他的头脑很清晰,讲话很有条理,还是那么健谈的。
毕竟我们认识了有60年,啥话都可以讲的。
牛叔叔是个很自律的人,不近烟酒,喜读书。
可是因为工作,他在文革前因为他的战友的婚姻,在外调时,认识了上棉十七长的保卫干事。
部队上光棍多,纺织厂姑娘多,联谊是天作之合。
部队规矩多,外调是必须的。
文革风云变幻,牛叔叔与那位保卫干事的交往,成了文革后牛叔叔升迁的羁绊。
退休后进不了高干病房,也是一种遗憾。
我们的交谈里总会提到林老师,牛叔叔说他的亡妻是位好人,热情,正直,心中有理念,有人民群众。
我也认为林老师是毛主席的共产党员,她有着共产党的初心,这样的好人真是死一个少一个,他们都追随毛主席而去了。
三
回上海后忙着探亲访友,不过在酒店空闲时间我还是盯着电脑上的新闻,尤其中东局势。
美国和以色列侵略伊朗发动的突袭已有24天了,伊朗的导弹无人机反击也进入第75次的“真实承诺”。
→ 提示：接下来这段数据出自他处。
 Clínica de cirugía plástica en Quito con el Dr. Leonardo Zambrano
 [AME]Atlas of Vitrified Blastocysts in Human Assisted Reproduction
伊朗封锁了霍尔木兹海峡,造成全球油价暴涨,出行人都后悔没有早早把油车换成电车,我就是其中一个。
特朗普威胁48小时内不开放霍尔木兹海峡,美国就轰炸伊朗的电厂。
伊朗则扬言炸中东的能源和海水淡化厂,这会严重地影响当地居民民生的,战争对老百姓的危害最大。

这场战争实际上美国为了石油而进行的战争,但是结果居然是美国放松了对俄罗斯石油的解禁,泽连斯基是极力反对的。
特朗普违反自己承诺发动战争,诺贝尔奖就不用提了。
连他的副总统万斯也因不同意战争而放弃下一次总统竞选的角逐。
如果在意识形态层面来讲,这场战争就是两本经的对决,即《圣经》与《可兰经》的对决。
《圣经》连接着以色列和美国,《可兰经》指导着波斯人。
不过前者有着旧约与新约的区别,其中被犹太人杀死的耶稣是个梗。
伊斯兰有什叶派与逊尼派的梗。
还有《圣经》把伊斯兰的源头说成是基督教徒小老婆的后代,他们之间是你中有我,我中有你,很难彻底分清。
我们看瓜的民众应怀着道家的虚空心怀,来个无为而治,等他们打完了,再去捡捡外快货。
四

昨天早晨就在酒店附近乘59路公交车,过了军工路隧道,到金桥路的极地研究所。
由于路的房子没有门牌号,让我在路上徘徊了很久,走了不少回头的冤枉路。
极地研究所与我的渊源始于“雪龙号”南极考察船。上世纪九十年代末“雪龙号”途径珀斯,我结识了一些船员,进而结识了一些科考队员。
其中有一位是孩子妈妈大学的学弟,这样就特别亲近。
多少年来我们一直交往着,所以就有昨天的一行。
我还在极地研究所进午餐。
伙食相当好,比我在上周六养老院的好多了。
饭后我们去隔壁的“天物”转转,这里原是航海仪器厂的地盘,企业垮了,厂址就被商人因地制宜地改造成休闲中心,吃喝玩乐都有。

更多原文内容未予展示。